*** MATERIAL SUPPLIED ***
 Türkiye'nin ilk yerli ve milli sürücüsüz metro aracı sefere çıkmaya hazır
*** End of MATERIAL SUPPLIED ***
*** MATERIAL SUPPLIED ***
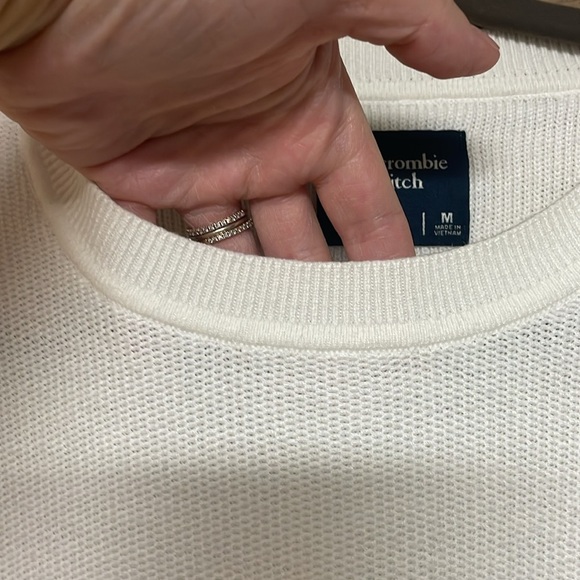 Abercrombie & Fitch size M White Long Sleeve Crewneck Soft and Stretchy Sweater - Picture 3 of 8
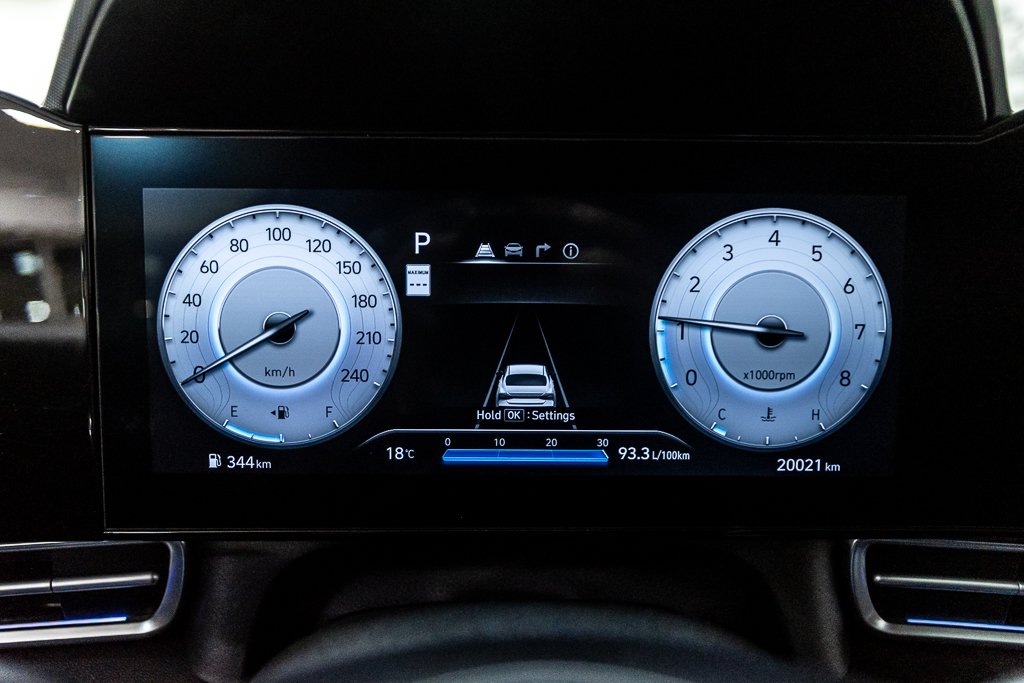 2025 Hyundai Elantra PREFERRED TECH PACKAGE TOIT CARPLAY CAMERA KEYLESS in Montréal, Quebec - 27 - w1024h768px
*** End of MATERIAL SUPPLIED ***
▶ [REQUIRED WORK]: After locating the line containing "Abercrombie & Fitch" in the entries above, return it and every line after it exactly, ending at the line containing "2025 Hyundai Elantra", without pictures.

▶ [SOLUTION]:
 Abercrombie & Fitch size M White Long Sleeve Crewneck Soft and Stretchy Sweater - Picture 3 of 8
 2025 Hyundai Elantra PREFERRED TECH PACKAGE TOIT CARPLAY CAMERA KEYLESS in Montréal, Quebec - 27 - w1024h768px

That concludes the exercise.